Exercise details
Output each line of the listing exactly, though pictures are not to appear.

#### Data ####

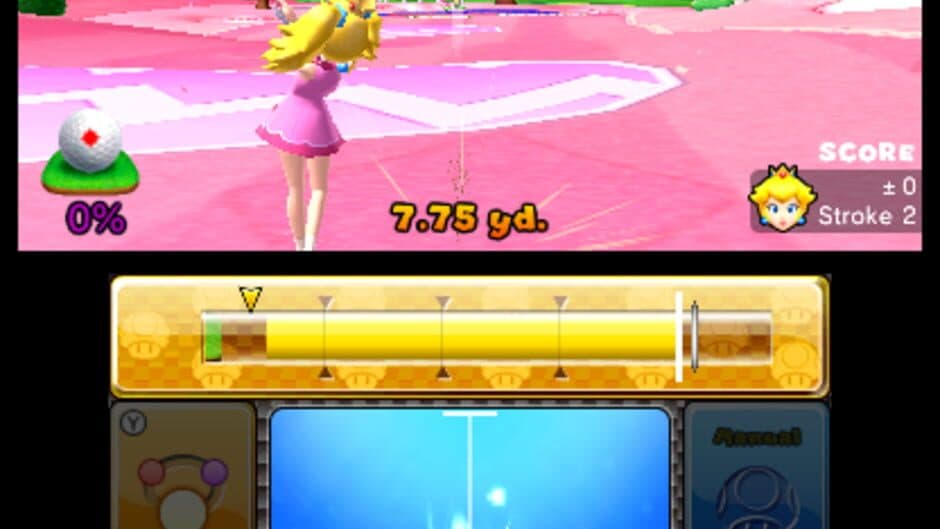Скриншот 8 из Mario Golf: World Tour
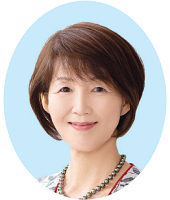 野田由美子副会長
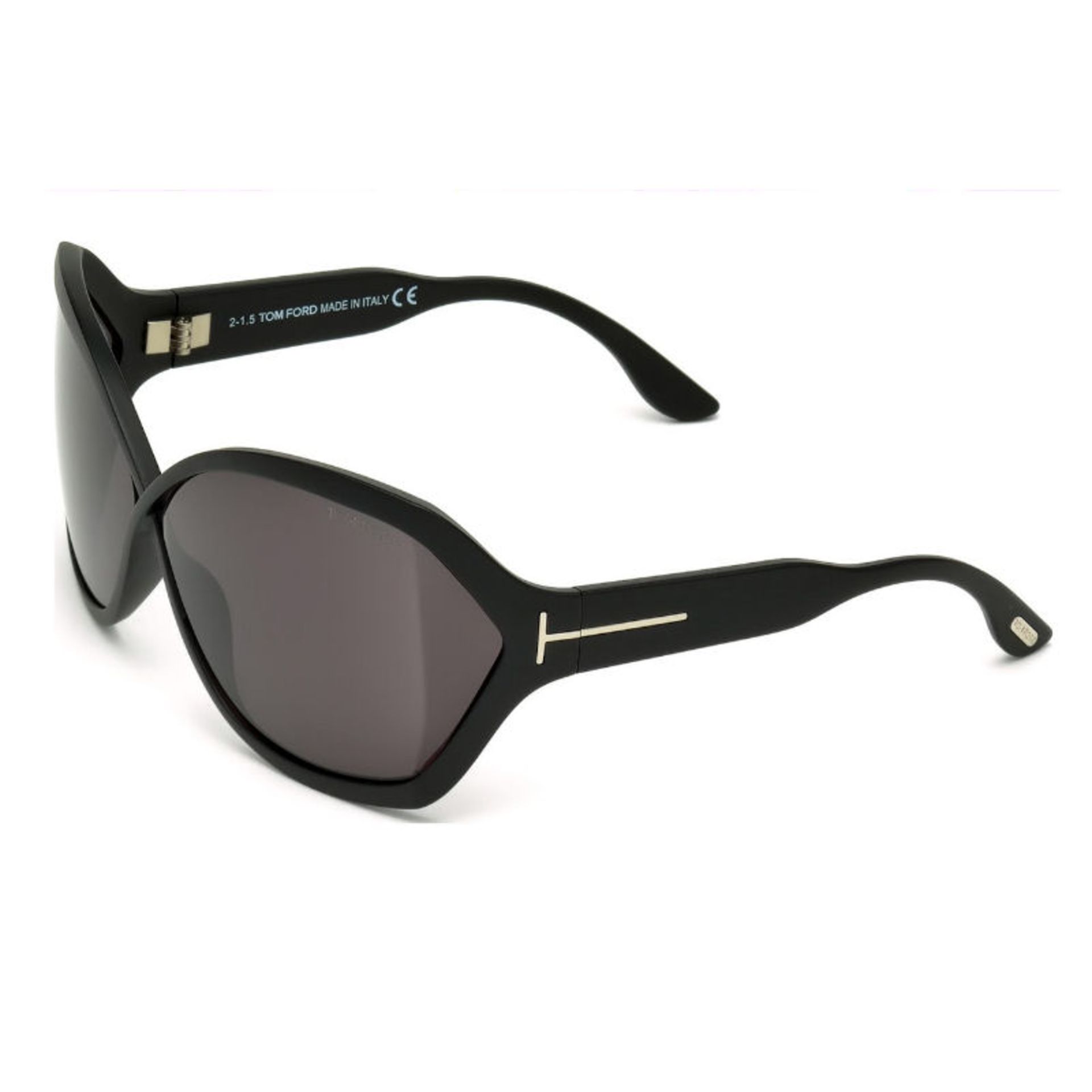 Tom Ford Sunglass ,Female,Model:FT0427 62 02A - Image 3 of 4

####

Response
Скриншот 8 из Mario Golf: World Tour
 野田由美子副会長
 Tom Ford Sunglass ,Female,Model:FT0427 62 02A - Image 3 of 4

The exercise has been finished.